--- DATA FOR REVIEW Enclosed Below ---

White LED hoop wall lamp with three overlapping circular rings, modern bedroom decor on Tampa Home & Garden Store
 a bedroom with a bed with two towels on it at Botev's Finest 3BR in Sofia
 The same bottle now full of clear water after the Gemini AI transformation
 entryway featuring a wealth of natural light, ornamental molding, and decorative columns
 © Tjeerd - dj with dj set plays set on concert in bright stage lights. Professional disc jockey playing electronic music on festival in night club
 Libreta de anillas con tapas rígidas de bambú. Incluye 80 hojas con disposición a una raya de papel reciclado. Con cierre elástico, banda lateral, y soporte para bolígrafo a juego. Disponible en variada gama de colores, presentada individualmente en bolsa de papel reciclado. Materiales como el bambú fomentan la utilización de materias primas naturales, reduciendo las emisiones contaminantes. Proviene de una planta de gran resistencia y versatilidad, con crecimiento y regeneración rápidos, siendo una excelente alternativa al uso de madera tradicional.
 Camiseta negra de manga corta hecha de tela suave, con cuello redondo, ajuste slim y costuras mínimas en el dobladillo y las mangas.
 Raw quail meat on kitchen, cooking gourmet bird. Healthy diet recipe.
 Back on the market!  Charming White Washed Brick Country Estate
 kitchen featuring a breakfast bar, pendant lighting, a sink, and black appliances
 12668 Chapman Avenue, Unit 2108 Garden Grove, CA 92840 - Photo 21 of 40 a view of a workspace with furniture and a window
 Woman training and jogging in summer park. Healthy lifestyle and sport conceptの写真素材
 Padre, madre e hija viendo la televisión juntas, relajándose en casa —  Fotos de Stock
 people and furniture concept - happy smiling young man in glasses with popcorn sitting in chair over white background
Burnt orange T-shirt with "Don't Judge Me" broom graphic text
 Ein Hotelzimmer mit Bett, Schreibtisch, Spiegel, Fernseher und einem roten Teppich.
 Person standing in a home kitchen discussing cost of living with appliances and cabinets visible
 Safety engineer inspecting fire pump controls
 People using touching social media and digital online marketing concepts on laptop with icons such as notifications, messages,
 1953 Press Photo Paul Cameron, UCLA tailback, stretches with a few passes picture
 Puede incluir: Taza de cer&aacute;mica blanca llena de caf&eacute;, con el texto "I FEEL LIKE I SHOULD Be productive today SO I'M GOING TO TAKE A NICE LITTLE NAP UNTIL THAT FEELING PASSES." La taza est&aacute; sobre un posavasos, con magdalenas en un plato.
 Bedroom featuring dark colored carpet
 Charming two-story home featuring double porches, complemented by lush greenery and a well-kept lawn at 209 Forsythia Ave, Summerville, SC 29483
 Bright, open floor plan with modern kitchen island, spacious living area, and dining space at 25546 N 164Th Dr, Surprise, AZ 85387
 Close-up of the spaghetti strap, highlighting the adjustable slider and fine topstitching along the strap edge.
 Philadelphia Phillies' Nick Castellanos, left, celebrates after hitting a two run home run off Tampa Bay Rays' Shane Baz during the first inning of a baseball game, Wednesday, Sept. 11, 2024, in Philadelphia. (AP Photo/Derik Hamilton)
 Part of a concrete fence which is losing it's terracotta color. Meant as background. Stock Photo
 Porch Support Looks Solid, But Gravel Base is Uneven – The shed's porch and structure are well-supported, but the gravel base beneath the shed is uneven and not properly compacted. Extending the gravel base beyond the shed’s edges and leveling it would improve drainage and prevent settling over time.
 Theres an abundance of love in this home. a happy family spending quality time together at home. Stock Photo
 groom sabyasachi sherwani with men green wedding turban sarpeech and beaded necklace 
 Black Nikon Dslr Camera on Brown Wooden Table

--- End of Enclosed DATA FOR REVIEW ---

(TASK BRIEF) Would you please transcribe all of the entries above exactly?

(EXERCISE OUTPUT)
White LED hoop wall lamp with three overlapping circular rings, modern bedroom decor on Tampa Home & Garden Store
 a bedroom with a bed with two towels on it at Botev's Finest 3BR in Sofia
 The same bottle now full of clear water after the Gemini AI transformation
 entryway featuring a wealth of natural light, ornamental molding, and decorative columns
 © Tjeerd - dj with dj set plays set on concert in bright stage lights. Professional disc jockey playing electronic music on festival in night club
 Libreta de anillas con tapas rígidas de bambú. Incluye 80 hojas con disposición a una raya de papel reciclado. Con cierre elástico, banda lateral, y soporte para bolígrafo a juego. Disponible en variada gama de colores, presentada individualmente en bolsa de papel reciclado. Materiales como el bambú fomentan la utilización de materias primas naturales, reduciendo las emisiones contaminantes. Proviene de una planta de gran resistencia y versatilidad, con crecimiento y regeneración rápidos, siendo una excelente alternativa al uso de madera tradicional.
 Camiseta negra de manga corta hecha de tela suave, con cuello redondo, ajuste slim y costuras mínimas en el dobladillo y las mangas.
 Raw quail meat on kitchen, cooking gourmet bird. Healthy diet recipe.
 Back on the market!  Charming White Washed Brick Country Estate
 kitchen featuring a breakfast bar, pendant lighting, a sink, and black appliances
 12668 Chapman Avenue, Unit 2108 Garden Grove, CA 92840 - Photo 21 of 40 a view of a workspace with furniture and a window
 Woman training and jogging in summer park. Healthy lifestyle and sport conceptの写真素材
 Padre, madre e hija viendo la televisión juntas, relajándose en casa —  Fotos de Stock
 people and furniture concept - happy smiling young man in glasses with popcorn sitting in chair over white background
Burnt orange T-shirt with "Don't Judge Me" broom graphic text
 Ein Hotelzimmer mit Bett, Schreibtisch, Spiegel, Fernseher und einem roten Teppich.
 Person standing in a home kitchen discussing cost of living with appliances and cabinets visible
 Safety engineer inspecting fire pump controls
 People using touching social media and digital online marketing concepts on laptop with icons such as notifications, messages,
 1953 Press Photo Paul Cameron, UCLA tailback, stretches with a few passes picture
 Puede incluir: Taza de cer&aacute;mica blanca llena de caf&eacute;, con el texto "I FEEL LIKE I SHOULD Be productive today SO I'M GOING TO TAKE A NICE LITTLE NAP UNTIL THAT FEELING PASSES." La taza est&aacute; sobre un posavasos, con magdalenas en un plato.
 Bedroom featuring dark colored carpet
 Charming two-story home featuring double porches, complemented by lush greenery and a well-kept lawn at 209 Forsythia Ave, Summerville, SC 29483
 Bright, open floor plan with modern kitchen island, spacious living area, and dining space at 25546 N 164Th Dr, Surprise, AZ 85387
 Close-up of the spaghetti strap, highlighting the adjustable slider and fine topstitching along the strap edge.
 Philadelphia Phillies' Nick Castellanos, left, celebrates after hitting a two run home run off Tampa Bay Rays' Shane Baz during the first inning of a baseball game, Wednesday, Sept. 11, 2024, in Philadelphia. (AP Photo/Derik Hamilton)
 Part of a concrete fence which is losing it's terracotta color. Meant as background. Stock Photo
 Porch Support Looks Solid, But Gravel Base is Uneven – The shed's porch and structure are well-supported, but the gravel base beneath the shed is uneven and not properly compacted. Extending the gravel base beyond the shed’s edges and leveling it would improve drainage and prevent settling over time.
 Theres an abundance of love in this home. a happy family spending quality time together at home. Stock Photo
 groom sabyasachi sherwani with men green wedding turban sarpeech and beaded necklace 
 Black Nikon Dslr Camera on Brown Wooden Table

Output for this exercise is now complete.